For convenience we also offer shorter field names for you to use when querying. Note that you cannot use the ".exact" notation mentioned above on these substitutions.

The substitutions for journals are as follows:

  • title - search within the journal's title
  • issn - the journal's issn
  • publisher - the journal's publisher (not exact match)
  • license - the exact licence

In addition, if you have a publisher account with the DOAJ, you may use the field "username" to query for your own publicly available journal records. Usernames are not available in the returned journal records, and no list of usernames is available to the public; you need to know your own username to use this field. You would include "username:myusername" in your search.

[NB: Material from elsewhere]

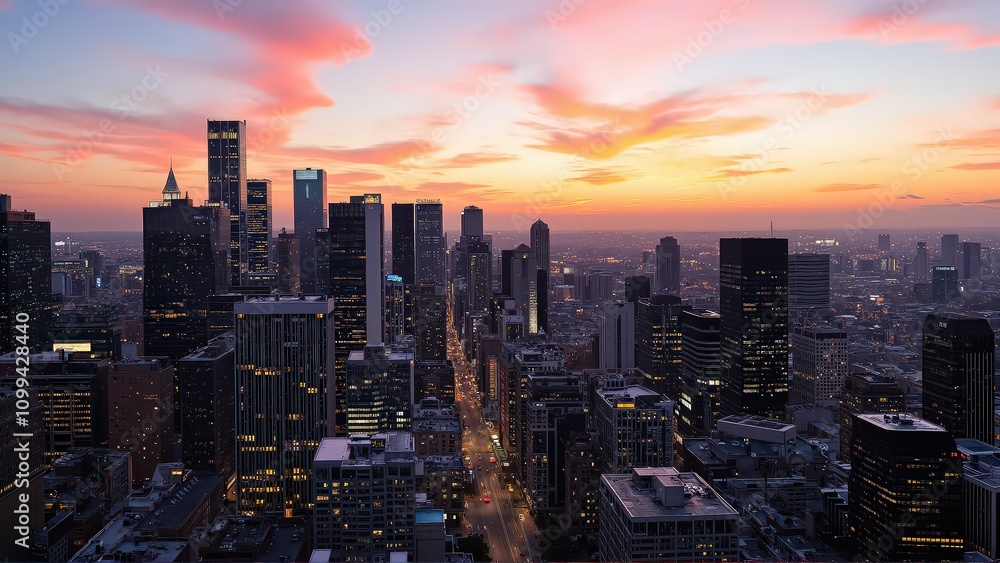 Obraz premium Generative AI, Modern Metropolis at Sunset with Reflective Skyscrapers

The substitutions for articles are as follows:

  • title - search within the article title
  • doi - the article's doi
  • issn - the article's journal's issn
  • publisher - the article's journal's publisher (not exact match)
  • abstract - search within the article abstract

Sorting of results

Each request can take a "sort" url parameter, which can be of the form of one of:

sort=field
sort=field:direction

The field again uses the dot notation.

If specifying the direction, it must be one of "asc" or "desc". If no direction is supplied then "asc" is used.

So for example

sort=bibjson.title
sort=bibjson.title:desc

Note that for fields which may contain multiple values (i.e. arrays), the sort will use the "smallest" value in that field to sort by (depending on the definition of "smallest" for that field type)

The query string - advanced usage

The format of the query part of the URL is that of an Elasticsearch query string, as documented here: https://www.elastic.co/guide/en/elasticsearch/reference/1.4/query-dsl-query-string-query.html#query-string-syntax. Elasticsearch uses Lucene under the hood.

Some of the Elasticsearch query syntax has been disabled in order to prevent queries which may damage performance. The disabled features are:

  1. Wildcard searches. You may not put a * into a query string: https://www.elastic.co/guide/en/elasticsearch/reference/1.4/query-dsl-query-string-query.html#_wildcards

  2. Regular expression searches. You may not put an expression between two forward slashes /regex/ into a query string: https://www.elastic.co/guide/en/elasticsearch/reference/1.4/query-dsl-query-string-query.html#_regular_expressions. This is done both for performance reasons and because of the escaping of forward slashes / described above.

  3. Fuzzy Searches. You may not use the ~ notation: https://www.elastic.co/guide/en/elasticsearch/reference/1.4/query-dsl-query-string-query.html#_fuzziness

  4. Proximity Searches. https://www.elastic.co/guide/en/elasticsearch/reference/1.4/query-dsl-query-string-query.html#_proximity_searches

CRUD API

Creating articles

If you try to create an article with a DOI or a full-text URL as another one of the articles associated with your account, then system will detect this as a duplicate. It will overwrite the old article we have with the new data you're supplying via the CRUD Article Create endpoint. It works in the same way as submitting article metadata to DOAJ via XML upload or manual entry with your publisher user account.